But Wednesday's incident may have yielded the case's biggest break and could
lead to the arrest of the man who has been preying on Asian women in Chicago
and the North and Northwest suburbs.

Police now are looking for a late-model green mid-sized, four-door car with
a license plate beginning with C and containing the numbers 7, 8, and 2.

A green car with gold hub caps was spotted near the site of the June 12
attack in the Rogers Park neighborhood of Chicago.

The ninth and latest attack ends a five-week lull in the series of sexual
and physical assaults that have happened since April 7 in Chicago, Mount
Prospect, Niles, Skokie, Morton Grove and Northfield Township.

"This incident breathes new life into the whole investigation," said Niles
police Cmdr. Daniel Halley. "Our guys had been beating bushes trying to get
everything they can".

"We'll be pouncing on this," he said.

Police are searching for one man in the series of attacks.
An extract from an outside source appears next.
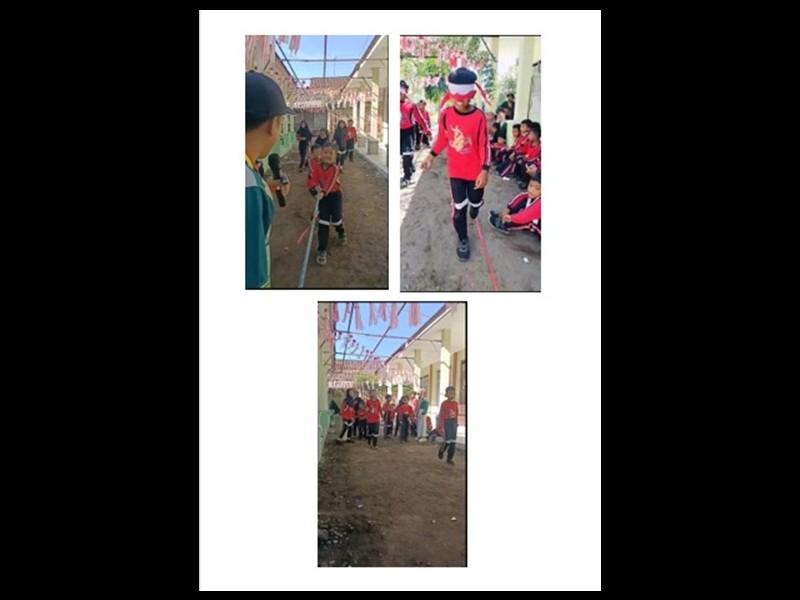 SEMARAK LOMBA 17 AGUSTUSAN DI SEKOLAH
In each incident
the man has gained entry into victims' homes by impersonating a police
officer, an FBI agent, a Census worker and now an immigration officer.

The latest attack occurred at 11:30æa.m. Wednesday at the Lincoln Square
Apartments on the 2300 block of S. Goebbert Road.

The 25-year-old victim was alone in her second-floor apartment waiting for
the delivery of a package. When her doorbell rang, she assumed it was the
delivery and went down to the foyer area of her apartment block, police
said.

She opened the secured stairwell door leading to the front foyer to find a
man who identified himself as an immigration agent and said he was there to
check the status of her visa, police said.

The woman knew her visa was current and, when she suddenly recognized the
man's face from a wanted poster she recently saw at the nearby Mitsuwa
Marketplace, turned and tried to run back upstairs, police said.

But the man caught her and began to beat her over the head with a blunt
object.

"It was more than a glancing blow," Arlington Heights police Sgt. Jeffrey W.
DuFloth said. "He beat her several times and she was bleeding rather
profusely."

The woman started screaming and managed to fight off the man, who then fled.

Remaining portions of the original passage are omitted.